A professor of public administration and international relations at the Maxwell School of Citizenship and Public Affairs at Syracuse University, Bertini is a leader in public sector management, international organizations, humanitarian relief, agricultural development, gender programming and nutrition policy.
She also is co-chair of the Global Agricultural Development Initiative of The Chicago Council of Global Affairs, chair of its Girls in Rural Economies Initiative and co-chair of its U.S. Agriculture and Food Policy. For two years she was a senior fellow, agricultural development, at the Bill and Melinda Gates Foundation.
In her lecture Bertini will talk about a world where food costs more than rent, where certain types of basic foods are not available, where people riot for food, and governments establish policies to bar food exports.
Actually, Bertini says, all those actions occurred somewhere in the world in the last several years, adding, "if the world is not successful in growing 60 percent more food by mid-century, these problems could be on our doorsteps, as well."
The United States is positioned to play a leadership role to ensure enough food is grown and accessible throughout the world so that by 2050, each country, most communities and many more families can be stronger and much more self-sufficient in food production, Bertini said.
"America's tools include its innovative private sector, the excellent education and research available at land-grant universities, its government agencies supporting development, its active non-governmental organizations, and the strong commitment of its citizens to help people throughout the world help themselves to improve their lives," she added.

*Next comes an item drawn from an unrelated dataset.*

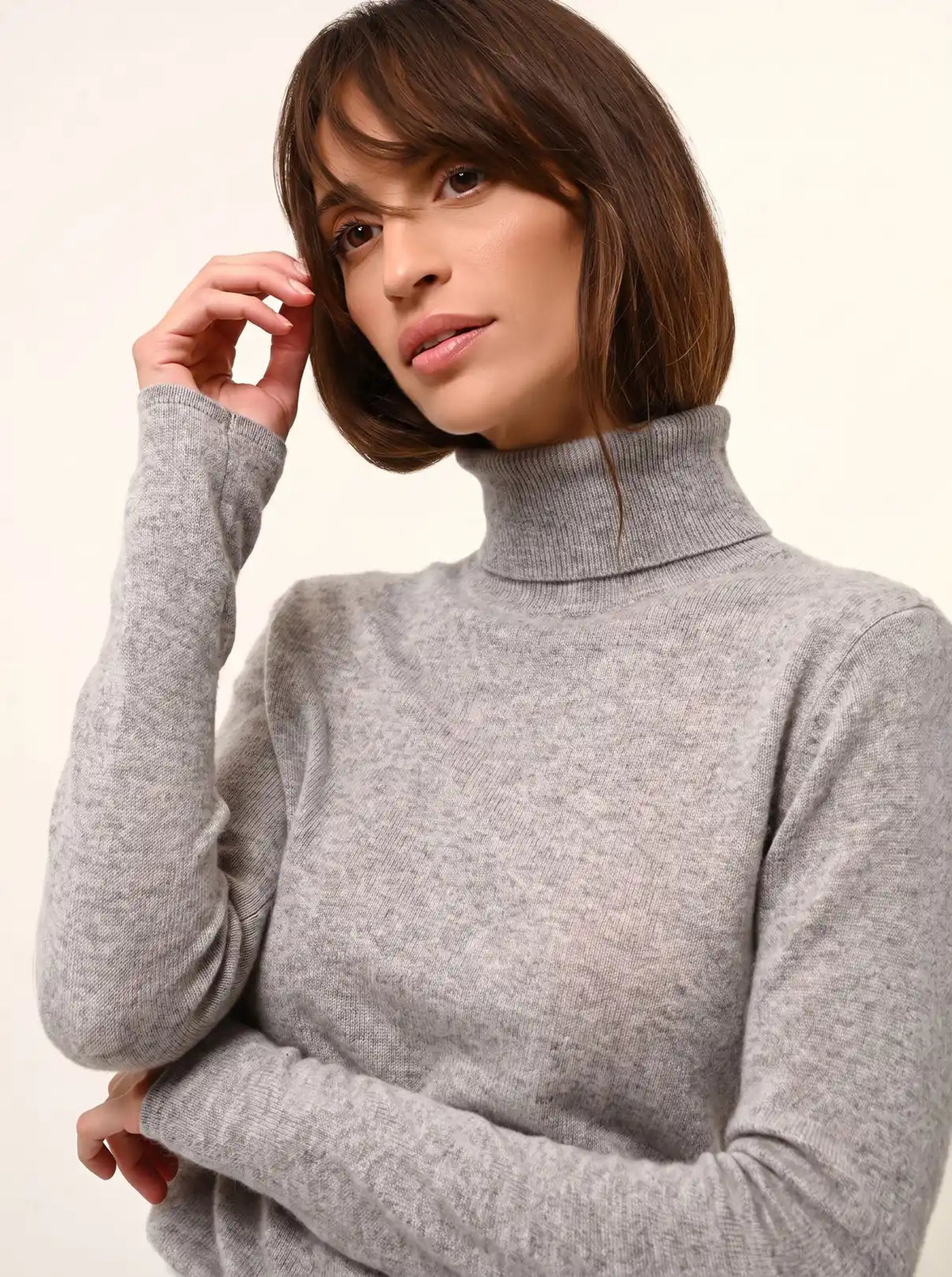 AVA Pull Col Roulé Nuage Chiné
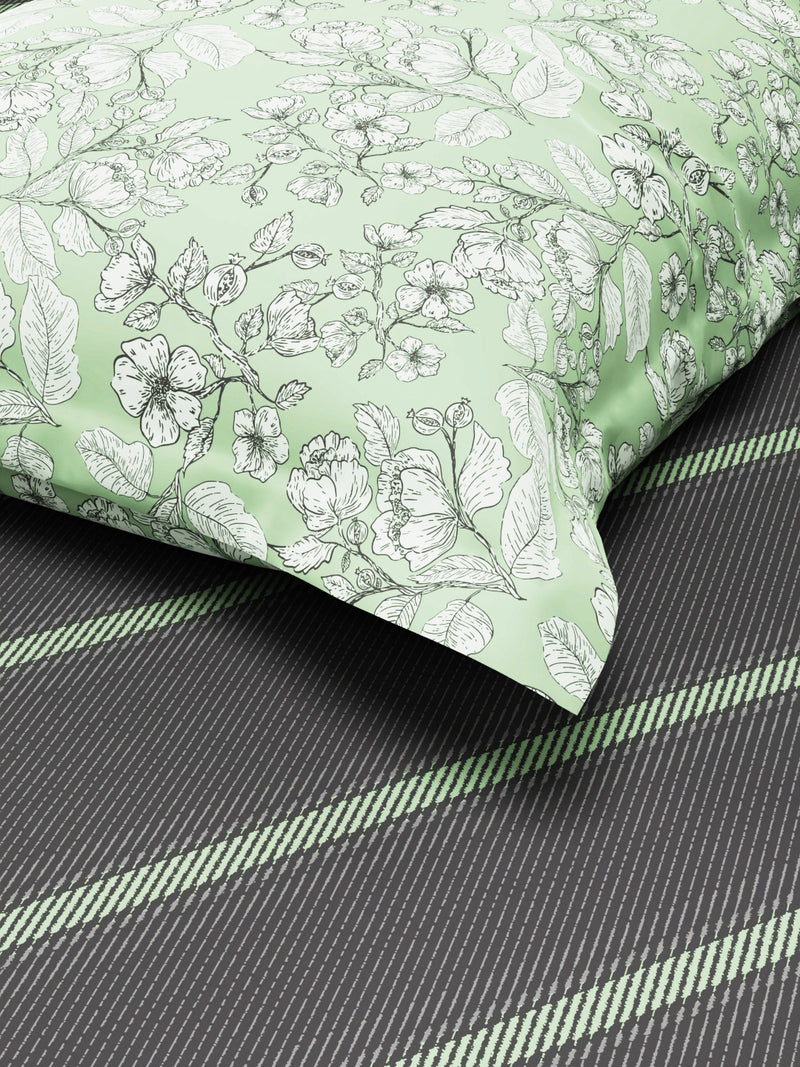 Extra Smooth Micro Single Bedsheet With 1 Pillow Cover <small> (stripe-grey/pistachio)</small>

"This requires strong, even outspoken, leadership by the U.S. president, administration, Congress and people," Bertini said. "The U.S. has always been generous. Now we need to be smarter, stronger and more focused in our work in order to meet the challenges of this millennium."
Bertini was the driving force behind reform of the United Nations World Food Programme when she served 10 years as WFP chief executive. She was honored as a World Food Prize Laureate for her WFP leadership in ending famine and decreasing hunger. WFP's institutional changes under her leadership were cited by the U.S. government and the WFP's 36-government board as models of UN reform, and placed the food aid agency in the forefront of international agencies in efficiency, effectiveness, accountability and income.
Bertini was widely praised for her efforts at the UN WFP to end famine in North Korea, avert starvation in Afghanistan, ensure food was delivered effectively during crises in Bosnia and Kosovo, quickly reach Hurricane Mitch flood victims in Central America, and avert mass starvation in the Horn of Africa.
Following her WFP assignment, Bertini held other key positions for the UN, and served twice as the secretary-general's envoy, once for drought in the Horn of Africa, and once for humanitarian needs in Gaza and the West Bank. She continues to organize assistance to increase the number of girls in developing countries' schools.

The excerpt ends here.